A first glance at Stapledon’s index of Sydney property prices does indeed appear to show a meteoric trajectory that would inflame the passions of the pessimists.

Sydney House Price Index

Sydney House Price Index

Of course, asset prices tend to exhibit exponential growth, so it is far better to look at historical prices on a logarithmic scale. This reveals a striking trend. The growth of Sydney property prices has been remarkably consistent at around 9% per annum over the last 50 years.

Sydney House Price Index (log scale)

Sydney Property Prices (log scale)

Prices for Australia overall show a similar trend, with average prices over the six major capital cities growing at an average of 8.6% per annum since 1955.

Six Capital Cities

Australian Property Prices

What these charts do not take into account is the effect of inflation. Indeed, inflation varied significantly over the last 50 years, so adjusting for the effect of inflation shows that the trend in Sydney house prices has not been so stable. Booms such as those from 1987-1989 and 1997-2003 are made very clear in the chart below. But it is also evident that  prices have failed to keep up with inflation over the last few years. Nevertheless, over the last 50 years, Sydney house prices have appreciated an average of 3.1% over inflation and that is before taking rental income into account.

Sydney House Price Index (inflation adjusted)
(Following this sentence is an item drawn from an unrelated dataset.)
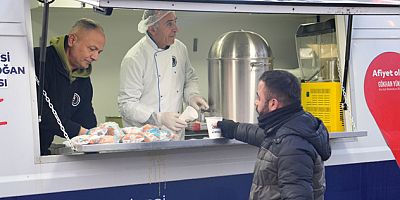 KARTAL'DA VATANDAŞLARA SICAK İKRAM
Sydney Prices (inflation adjusted)

One difficulty with long-run property price data is that fact that observations are typically based on median house prices, which does not take into account changes in the quality of houses. The median house in 2009 may be “better” than the median house in 1955 and changes in price may reflect this change in quality as well as price appreciation. Stapledon has attempted to take this into account by constructing an index for Australian house prices (six capital cities) that is adjusted for both inflation and standardised to “constant quality”. The trend in real prices, adjusted for quality over the period 1955-2009 has been an increase of 2.1% per annum over inflation. This compares to an increase of 2.7% per annum over inflation without adjusting for quality. So, at a national level, quality changes overstate the trend growth rate by 0.7%. While Stapledon has not constructed a quality-adjusted index for Sydney, assuming that the national trend applied would lead to the conclusion that Sydney house prices have a trend growth rate of 2.4% over inflation.

Six Capital Cities (quality adjusted)Australian Prices (quality and inflation adjusted)

Interesting though this historical exploration may be, the question we would like answered is where prices may head in the future.

One approach to the problem is to assume that growth in property values in real terms may change in the short term, but over the long term will revert to a long term trend. Enthusiasts of trend following may see some significance in the fact that Australian prices still appear to be above the longer run trend, while Sydney prices have already fallen below trend. Of course, depending on the time period used to determine the trend, very different conclusions may be reached. If I were to base the trend on the full history from the 1880s, the last 50 years would appear to be well above trend.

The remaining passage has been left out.